Depuis longtemps déjà, nous mettons en garde contre un excès d’optimisme sur les perspectives de croissance pour 2013 mais également pour 2014. Notre prudence repose sur l’idée que la croissance des pays développés continuera d’être affectée par les ajustements en cours des bilans des agents (publics et privés) et qu’il ne faut pas non plus attendre une forte reprise dans les grands pays émergents du fait de marges de manœuvre de politiques économiques limitées. Les indicateurs publiés récemment semblent aller dans notre sens.
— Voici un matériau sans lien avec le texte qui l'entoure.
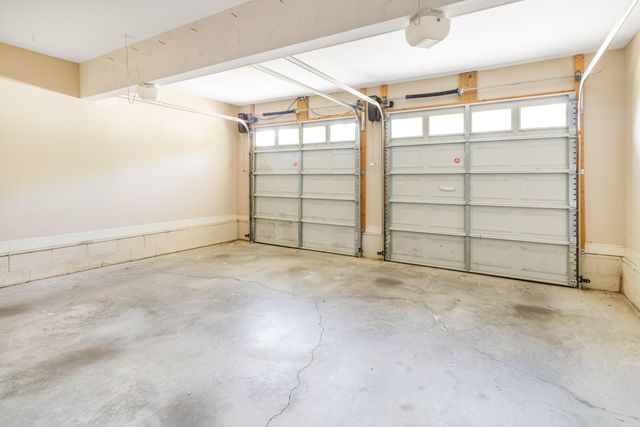 8664 Maple Valley Drive, Chattanooga, TN 37421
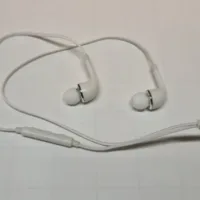 Comset - ears simple - close up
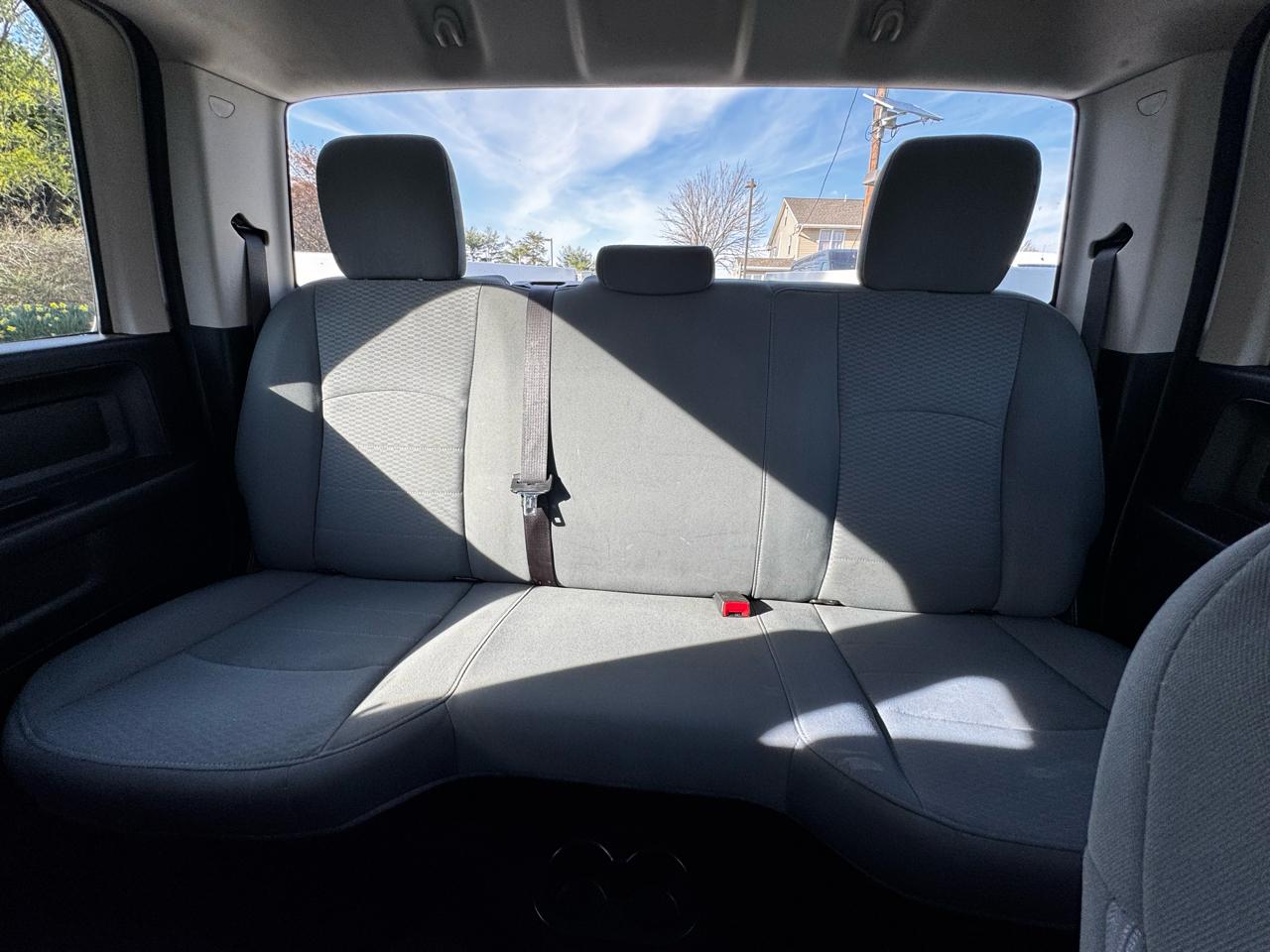 RAM 3500 Tradesman 4x2 Crew Cab 8' Box 2018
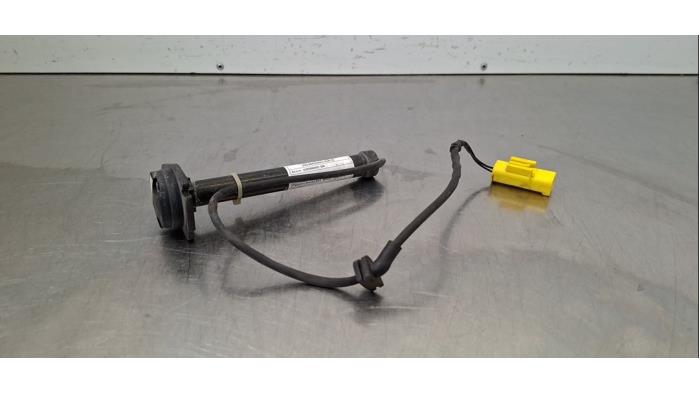 Używane Silownik HSR Mercedes C (W205) C-220d 2.0 Turbo 16V Cena € 42,35 Z VAT oferowane przez Autohandel Didier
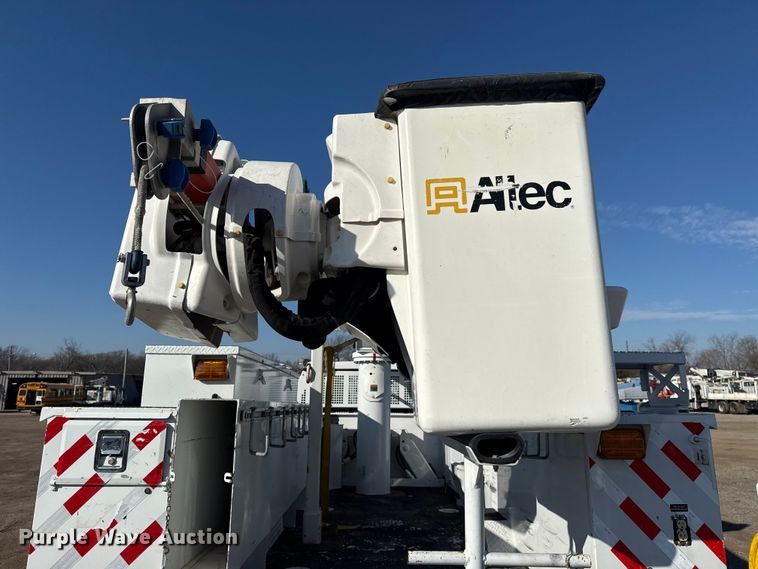 image for item EG1937 2018 Ford F750 Super Duty bucket truck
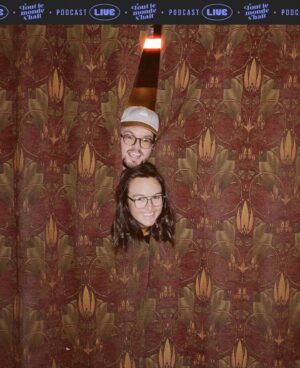 Marylène Gendron Instagram - Youhouuuu les copinanas!!! Ici Marylène et Sam au bout du fil!
 
On a tellement eu de fun à enregistrer TOUT LE MONDE S’HAÏT avec vous autres au @cabaretliondor au printemps dernier qu’on a décidé de remettre ça TOUTE L’ANNÉE 2023-2024 en prenant possession de la place pour une RÉSIDENCE MEN-SU-ELLE! Non mais, vive cette salle mythique, chaleureuse et propice aux confidences parfois coquines, parfois sexu, parfois encore plus, vous savez de quoi qu’on parle là!! C’est pratiquement un BOUDOIR aka un «petit salon élégant de dame».
 
Bref, voici un photoshoot ultra feutré, sexy, sensuel, COCHON (ok on exagère), pour accompagner le dévoilement de ces précieuses dates à ajouter à votre agenda:
 
🦁13 septembre 2023
🦁31 octobre 2023 (omg c’est Halloween)
🦁8 novembre 2023
🦁18 décembre 2023
🦁25 janvier 2024
🦁21 février 2024
🦁28 mars 2024
🦁11 avril 2024
 
Nous recevrons des invité.es différent.es à chaque date, avec toujours autant de plaisir et de rigolade, de belles gens et de belles fleurs au centre de la scène.
 
Les liens pour les billets sont dans notre BIO!
On espère vous y voir!
 
C’est signé: Féminana et Masculana x0x
 
📷: @villedepluie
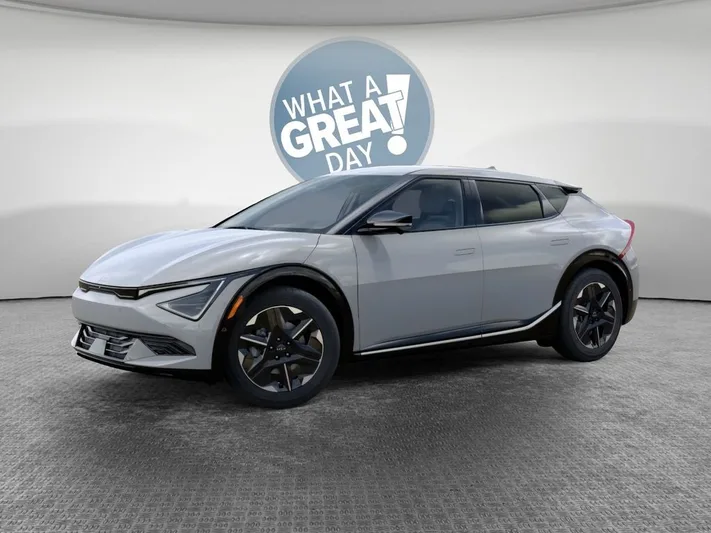 2025 Kia EV6 - view 3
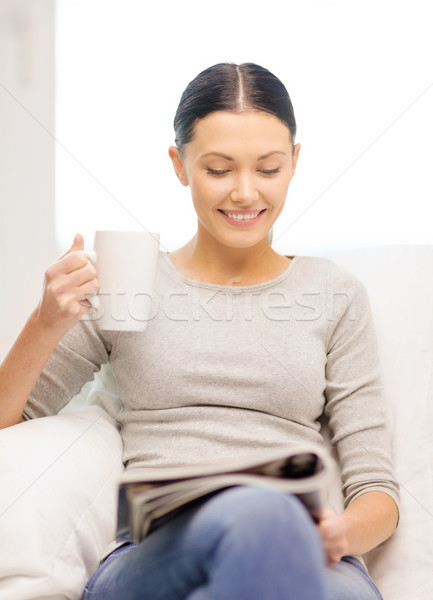 Femeie ceaşcă cafea lectură revistă acasă Imagine de stoc © dolgachov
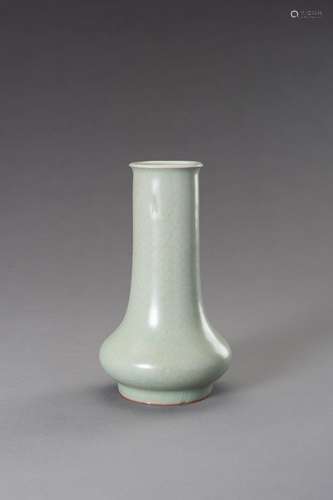 A LONGQUAN GUAN-TYPE PORCELAIN VASE, QING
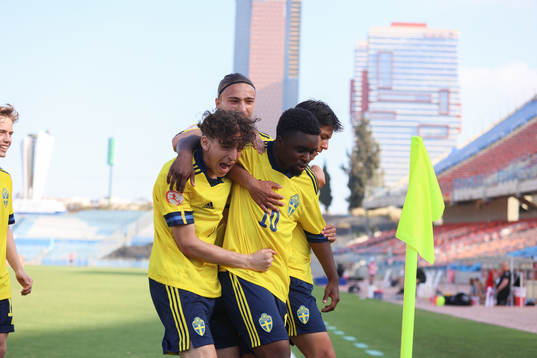 Sveriges  Taha Ayari, Elison Makolli, Jardell Kanga Matteo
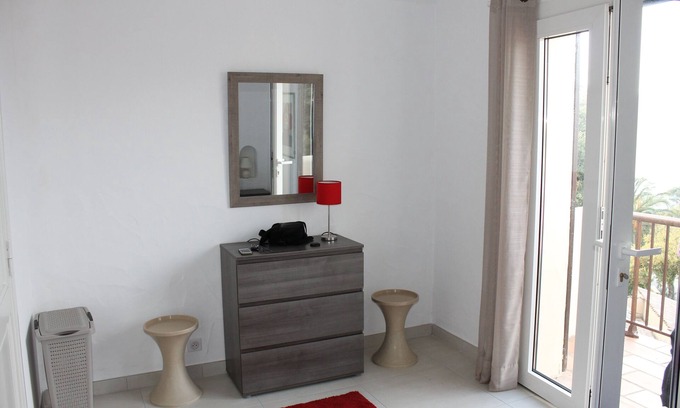 Porticcio Villa | Villa 6p sea view all comfort beach accessible on foot!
  • Le news flow macroéconomique américain s’est révélé négatif ces dernières semaines avec la publication de plusieurs statistiques nettement en deçà des attentes (ISM, créations d’emplois, ventes au détail, confiance des ménages,…). Ainsi, après un premier trimestre encore bien orienté – le PIB progresserait de 2,9% en rythme annualisé selon nos estimations – la croissance américaine va sensiblement ralentir au deuxième trimestre sous l’effet retardé des différentes restrictions budgétaires (hausses d’impôts et coupes de dépenses « sequestration »), mettant fin à l’embellie sur le marché du travail. Le trou d’air pourrait durer deux trimestres avant un retour à une croissance proche du potentiel.
  • Les nouvelles en provenance des grands pays émergents n’ont guère été enthousiasmantes : finalement, la croissance chinoise s’est révélée plus faible que prévu au premier trimestre 2013 (7,7% sur un an) et les signes de reprise tardent à se confirmer. La Chine fait toujours face à un dilemme de politiques économiques : elle souhaite redynamiser sa croissance mais sans accentuer les déséquilibres macroéconomiques (endettement, prix immobiliers, inflation,…) et dans un contexte de transition de modèle économique, ce qui lui laisse finalement peu de marges de manœuvre. Au Brésil, les mesures en faveur de la croissance prises en 2012 n’ont pas eu l’impact escompté, la croissance restant faible. Par ailleurs, la politique monétaire se durcit pour lutter contre l’inflation.
  • En zone euro, les dernières enquêtes ne montrent aucune amélioration de la conjoncture. Comme nous le mettions en avant au cours des derniers mois1, la situation va rester difficile cette année et les perspectives de reprise pour 2014 restent bien incertaines. Les pays périphériques malgré des ajustements macroéconomiques significatifs – ils enregistrent maintenant des excédents courants – sont enfermés dans le cercle vicieux austérité/récession. Malgré un assouplissement des contraintes avec un délai accordé sur les ajustements des finances publiques, le désendettement public reste un frein à la croissance et s’opère avec difficulté étant donné les conditions de financement toujours défavorables. Parallèlement, le désendettement privé se poursuit, hypothéquant toute reprise de la demande intérieure. Certains pays misent sur une amélioration de leur compétitivité via l’ajustement à la baisse des salaires et des prix, mais c’est un processus lent et à court terme insuffisant pour tabler sur une reprise de la croissance par l’offre.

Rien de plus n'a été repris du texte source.